### Exercise aim
Copy out the records in full, word for word, without pictures.

### Source material
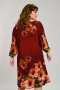 Studio tuniek Armelle | S264801brdo/prinM=46/48&nbsp;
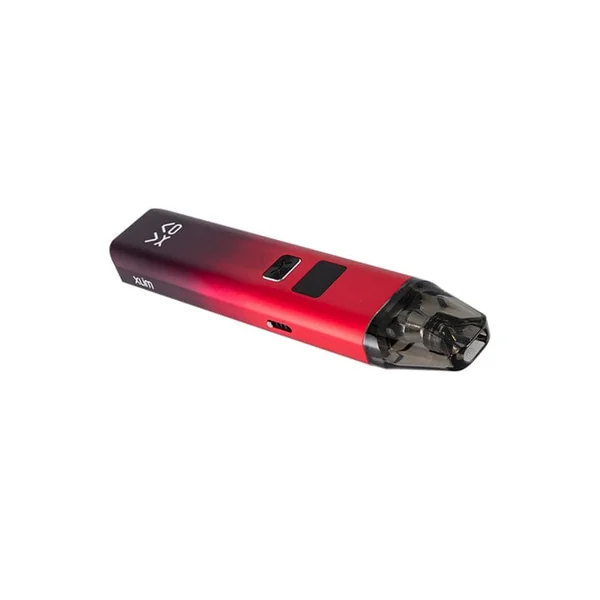 OXVA Xlim V2 Pod System Kit 900mAh - Image 7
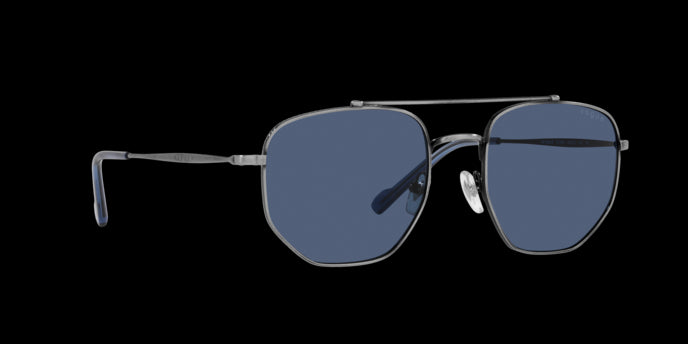 Vogue Eyewear Sunglasses VO4220S 513680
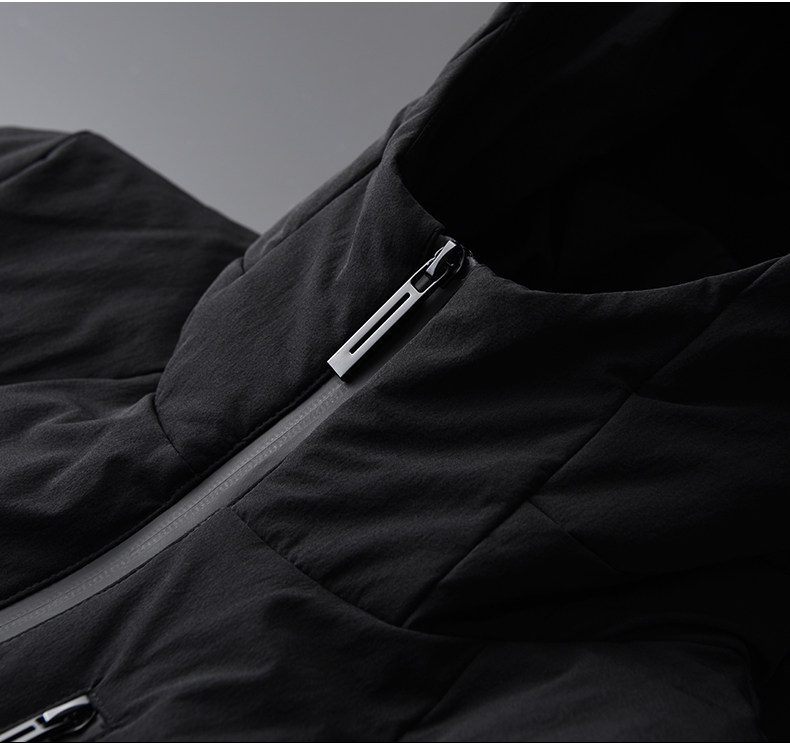 Blouson homme - Ref 3122057 Image 10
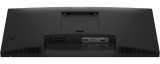 DELL Pro E2226HS computer monitor 54,6 cm (21.5") 1920 x 1080 Pixels Full HD LCD Zwart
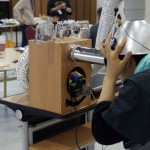 http://wildberries.lightizm.com/files/gimgs/th-146_DSC00901.jpg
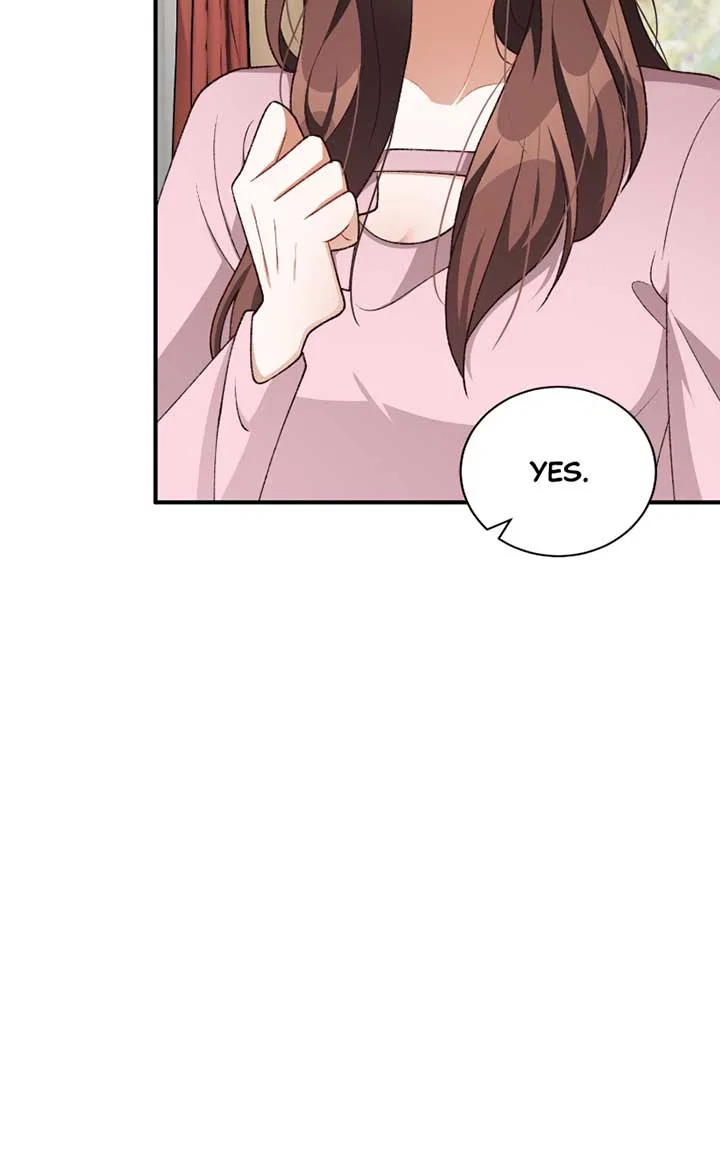 There Is No Perfect Married Couple Chapter 103 – Page 93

### Problem solution
 Studio tuniek Armelle | S264801brdo/prinM=46/48&nbsp;
 OXVA Xlim V2 Pod System Kit 900mAh - Image 7
 Vogue Eyewear Sunglasses VO4220S 513680
 Blouson homme - Ref 3122057 Image 10
 DELL Pro E2226HS computer monitor 54,6 cm (21.5") 1920 x 1080 Pixels Full HD LCD Zwart
 http://wildberries.lightizm.com/files/gimgs/th-146_DSC00901.jpg
 There Is No Perfect Married Couple Chapter 103 – Page 93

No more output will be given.